DATA
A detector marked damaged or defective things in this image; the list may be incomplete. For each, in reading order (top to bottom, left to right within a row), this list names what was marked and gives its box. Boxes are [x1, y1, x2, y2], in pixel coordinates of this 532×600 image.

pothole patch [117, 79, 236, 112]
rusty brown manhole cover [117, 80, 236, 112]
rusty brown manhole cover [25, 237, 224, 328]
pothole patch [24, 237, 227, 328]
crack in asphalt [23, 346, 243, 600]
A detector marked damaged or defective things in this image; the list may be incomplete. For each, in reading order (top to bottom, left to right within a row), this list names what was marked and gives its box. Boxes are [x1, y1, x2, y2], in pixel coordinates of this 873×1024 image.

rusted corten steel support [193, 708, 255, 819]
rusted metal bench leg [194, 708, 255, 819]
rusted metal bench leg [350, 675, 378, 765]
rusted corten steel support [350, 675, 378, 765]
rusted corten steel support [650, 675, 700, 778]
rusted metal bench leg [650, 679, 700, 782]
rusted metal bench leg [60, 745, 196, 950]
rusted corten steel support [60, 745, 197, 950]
* * *
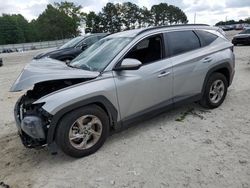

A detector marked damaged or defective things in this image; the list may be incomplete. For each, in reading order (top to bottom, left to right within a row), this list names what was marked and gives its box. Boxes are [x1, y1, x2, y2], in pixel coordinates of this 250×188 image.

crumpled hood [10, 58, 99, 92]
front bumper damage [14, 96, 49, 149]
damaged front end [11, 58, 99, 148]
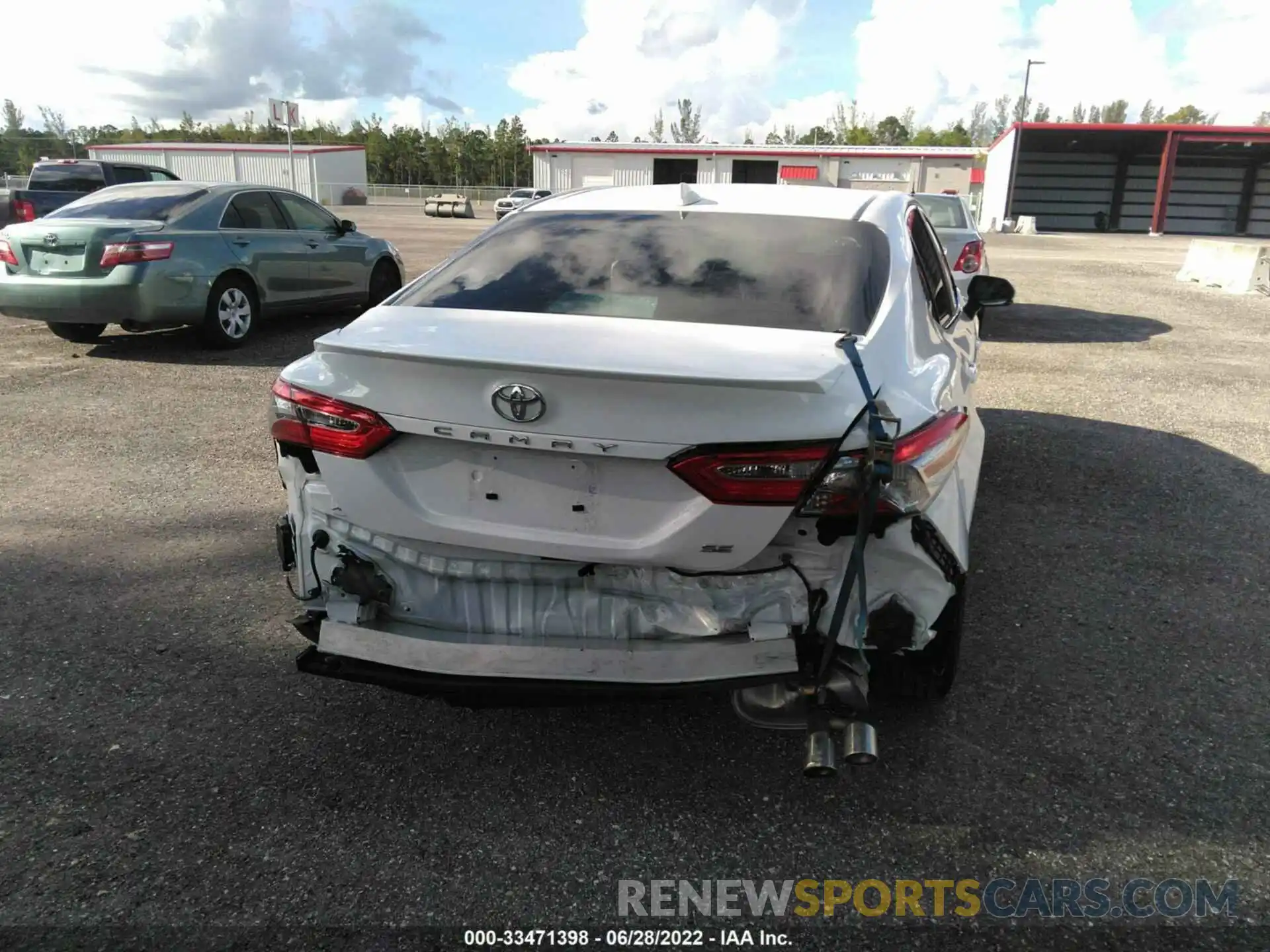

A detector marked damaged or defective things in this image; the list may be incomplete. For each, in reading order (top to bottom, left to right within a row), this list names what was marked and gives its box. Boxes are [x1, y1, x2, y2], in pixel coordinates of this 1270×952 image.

WHAT IS NEEDED
The data above holds the lines to copy: start at the one with "this 250×188 image.", stop at the one with "this 1270×952 image.", include both, copy them exactly without pictures, and copy nothing else.

SOLUTION TO THIS PROBLEM
A detector marked damaged or defective things in this image; the list may be incomplete. For each, in reading order (top to bottom, left to right within a row), this list names what was marked and gives its box. Boxes are [x1, y1, x2, y2], in pixel coordinates of this 250×188 image.

crumpled hood [10, 58, 99, 92]
front bumper damage [14, 96, 49, 149]
damaged front end [11, 58, 99, 148]

A detector marked damaged or defective things in this image; the list may be incomplete. For each, in reading order (top to bottom, left to right within a row), this list names what was marked and gives its box. Boxes are [x1, y1, x2, y2], in pixel coordinates of this 1270×952 image.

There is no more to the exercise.